## EXERCISE INPUTS
++++++++++++++++++++
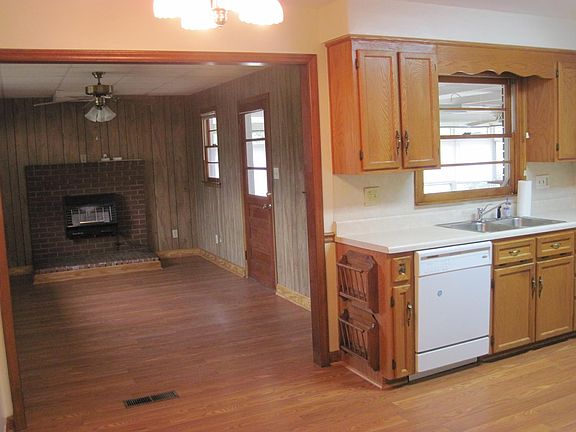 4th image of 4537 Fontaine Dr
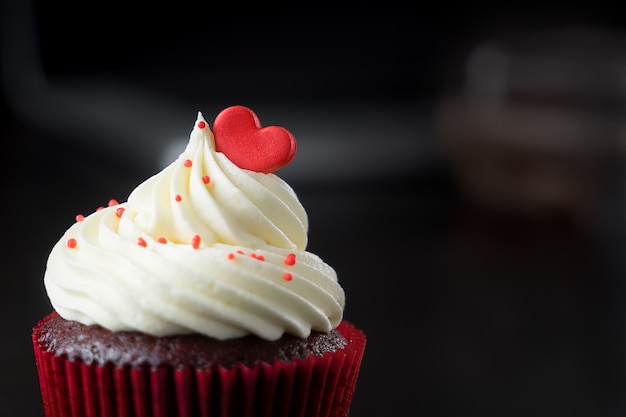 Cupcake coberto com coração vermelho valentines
++++++++++++++++++++
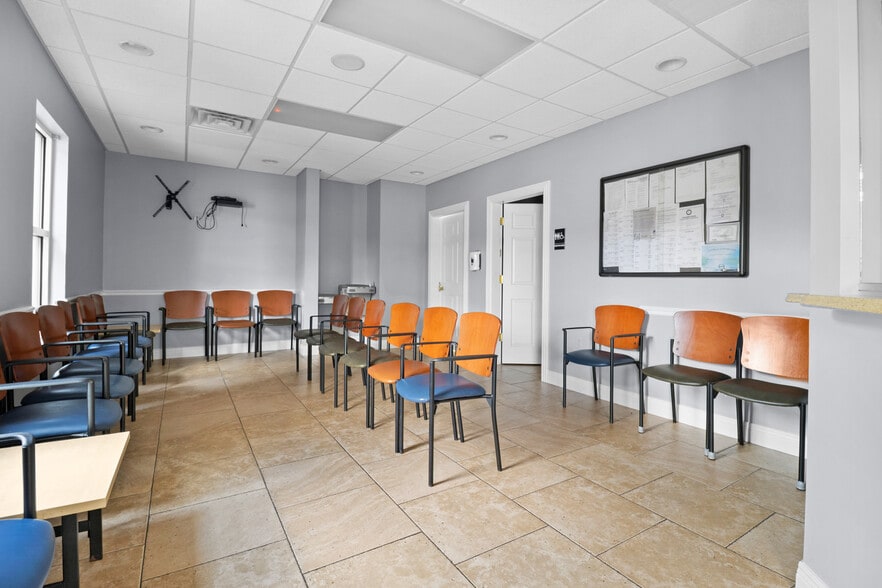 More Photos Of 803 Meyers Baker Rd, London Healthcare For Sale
++++++++++++++++++++
## REQUIREMENT
Starting with the line above that holds "4th image of 4537 Fontaine Dr", restate each line word for word up to and including the line that holds "Cupcake coberto com". Drop the pictures.

## FINISHED EXERCISE
 4th image of 4537 Fontaine Dr
 Cupcake coberto com coração vermelho valentines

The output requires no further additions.